© ISOPIX

Drogevruchtenkoekjes

(Voor 8 bokaaltjes van 200 ml)

500 g gemengde droge vruchten zoals abrikozen, pruimen, vijgen, enz., 250 g bloem, 20 g bakkersgist, 2 eetlepels suiker, 50 g rozijnen, 2 eetlepels rum, 50 g hazelnoten, 50 g walnoten, 1 koffielepel vierkruidenmengeling, zout, olie voor de bokaaltjes.

1 Leg de gedroogde vruchten in een kookpot en giet er 600 ml lauw water over. Laat vier uur weken. Breng aan de kook en laat 10 minuten verder pruttelen op een zacht vuur. Haal van het vuur. Laat de vruchten uitlekken zodra ze lauw zijn, maar vang het kookvocht op.

2 Zeef de bloem in een kom, maak een putje en leg er de gist in.
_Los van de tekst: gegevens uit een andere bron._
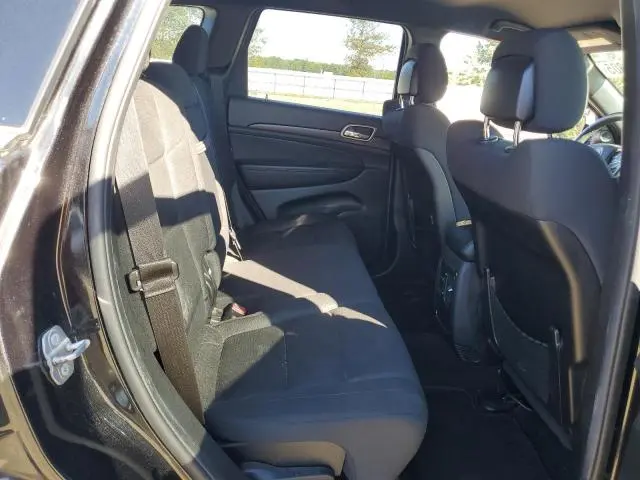 2014 JEEP GRAND CHEROKEE LAREDO  
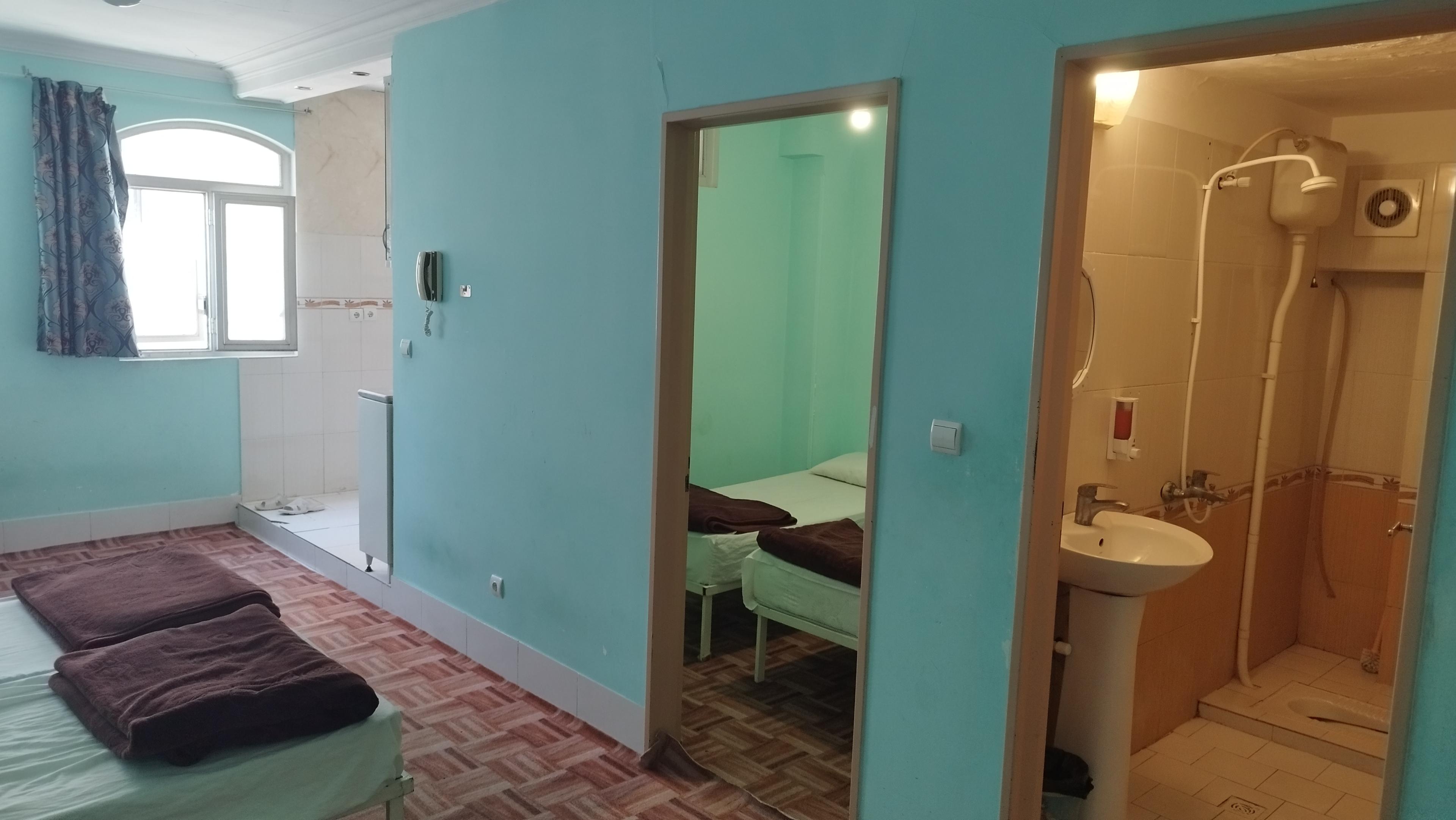 متل آپارتمان یک خوابه چهار تخته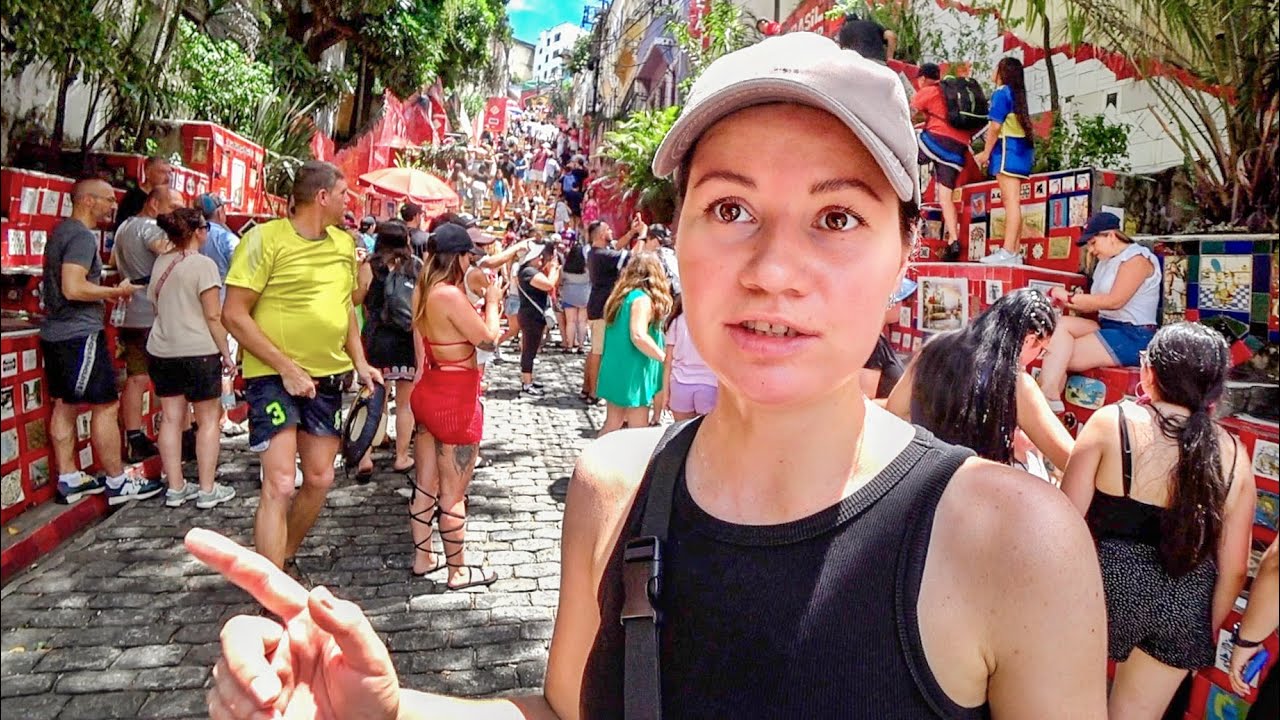 Бразилия. Это вам не шутки. Опасный отдых в Рио-де-Жанейро. Стоит ли ...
Maak de gist los met 1 koffielepel suiker en 125 ml van het lauwe kookvocht. Dek af en laat 10 minuten rijzen.

3 Meng intussen de rozijnen en de rum in een kommetje. Hak de hazelnoten, walnoten en droge vruchten grof.

4 Voeg de suiker, de vruchten, alle noten, de rozijnen, de vierkruidenmengeling en een snuifje zout aan de kom met bloem en gist toe. Kneed tot je een deeg bekomt, strooi er bloem over en laat nog vier uur rijzen op een droge plek.

5 Warm de oven voor op 180°C. Olie de bokaaltjes in met een borsteltje. Vul ze voor tweederde met het deeg. Duw het deeg goed aan. Laat 45 minuten bakken in de oven. Sluit de bokaaltjes af terwijl ze nog warm zijn.